Mijn zus Nelly verhuist in de zomer van 1967 naar Italië en ik ga als hulpje mee. De eerste week ben ik daar in mijn eentje en werk ik als kwartiermaker in het huis waar zij, haar man en vijf kinderen tijdelijk zullen verblijven. Ik ben 19 en spreek niet meer Italiaans dan ik van Willy Alberti heb onthouden. Bijvoorbeeld 'Tu sei per me la più bella del mondo'. Nu nog een latijnse schone vinden bij wie ik dat tijdens volle maan onder haar raam kan staan zingen.
Het onderkomen aan de Via Roma in Selvino is groot. Als ik de tweede dag thuiskom, staat er water op de tegelvloer. Alle kranen zijn dicht en ik ga met dweil en emmer aan de slag. Waar komt die nattigheid vandaan? En het is ook alsof er muizen of ratten onder de dakpannen lopen. Mooie boel.

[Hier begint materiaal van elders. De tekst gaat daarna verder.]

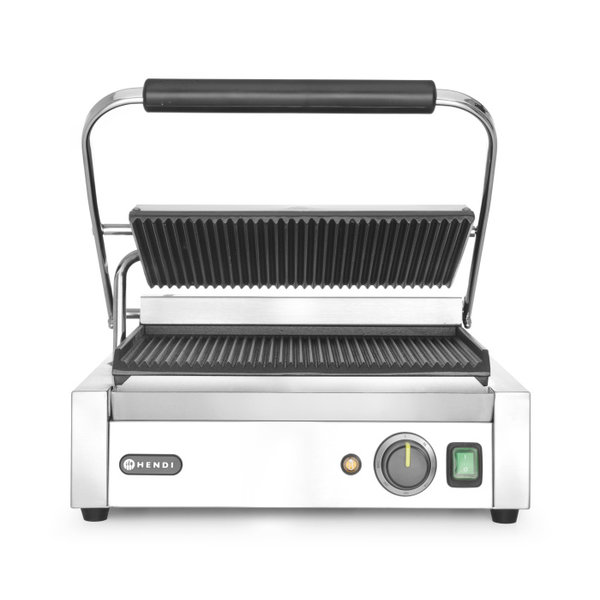 Hendi Hendi Contactgrill 'Panini' | Geribd-Geribd | 2.2kW |  430x370x(H)210 mm.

De volgende morgen staat er nog steeds, of liever ‘weer’ water. Wanneer ik een volle emmer in de tuin leeg gooi, stapt een vrouw door het hek. ‘Een mooie dame’, denk ik. Te oud voor dat ene zinnetje en gelukkig spreekt ze Frans. Ze blijkt de eigenaresse van het pand. Dat water? Geen probleem. Het huis stond lang leeg en nu het weer leeft, gaat het zweten. Een klein ongemak, binnen een paar dagen is het over. Dat geritsel onder de pannen zijn zwaluwen. ‘Des portes-bonneur, messieur’. Heb ik mazzel: ‘geluksbrengers’ aan mijn zijde.
Mijn zwager heeft mij bij zijn vertrek naar Nederland een boek gegeven: ‘Si parla Italiano’. ‘Zo spreekt men Italiaans’, en is sla aan het oefenen. De middenstand staat mij ter zijde. De slager, de groentenboer, de bakker: ze spreken allemaal Frans. Veel van die mensen hebben jaren in Franstalig Zwitserland gewerkt. Mijn woordenlijst breidt zich uit. Bijvoorbeeld met 'pane familiare'. Een soortement groot uitgevallen 'frans brood'. Als dadelijk dat gezin van zeven personen aan het eten slaat, ben je met van die kleine panini nergens. Massa, en dat bezit dat 'familiebrood', zoals 'la mama' dat vroeger zelf bakte.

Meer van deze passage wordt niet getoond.